Another contributing factor for why the consequences for Lile not participating in the SATP were not found as compulsory were because the prison sentence was not extended in any way and credit for good behavior or his chances or parole were not affected.

=== Concurrence ===
Justice O’Connor agreed with the majority but wanted a more useful ruling that covered situations outside of the narrow facts presented in this case. She agreed that moving the defendant to a maximum security prison and decreasing his privileges did not constitute compulsion under the Fifth Amendment.
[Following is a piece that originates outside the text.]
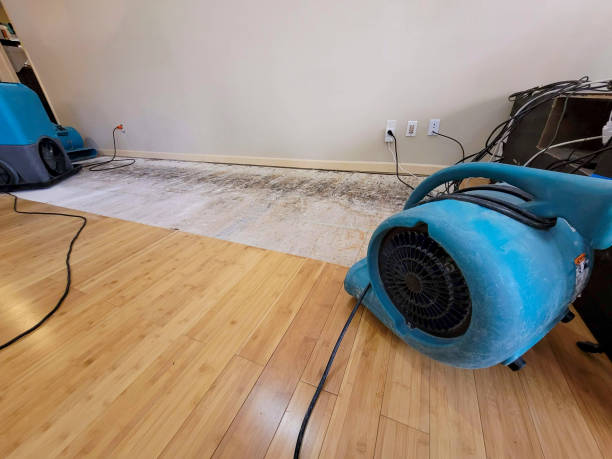 Professional Water Removal technician working in Pedro, OH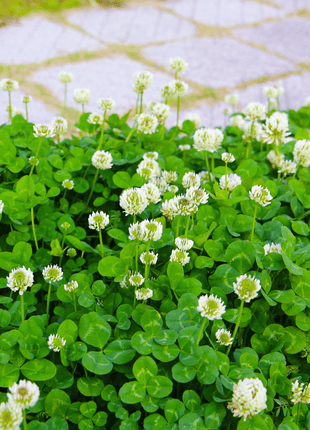 White Clover (Irish Clover) - 1,000 Seeds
However, she disagreed with the plurality for not setting forth a comprehensive decision about what constituted compulsion under the Fifth Amendment. Justice O’Connor felt that the “atypical and significant hardship” standard presented by the plurality should actually be broader. She stated that she does not “ agree that the standard for compulsion is the same as the due process standard [that was] identified in Sandin v. Conner, 515 U. S. 472 (1995)”.

=== Dissent ===
Justice Stevens’ dissent found that the combined effect of the consequences presented to Lile were, “in fact severe, but even if that were not so, the plurality’s policy judgment does not justify the evisceration of a constitutional right”. Justice Stevens also felt that alternatives to the SATP program could have been utilized. For example, the state could not prove that confidential treatment would harm the goals of the program. Stevens concluded that, “[n]o matter what the goal, inmates should not be compelled to forfeit the privilege against self-incrimination simply because the ends are legitimate or because they have been convicted of sex offenses".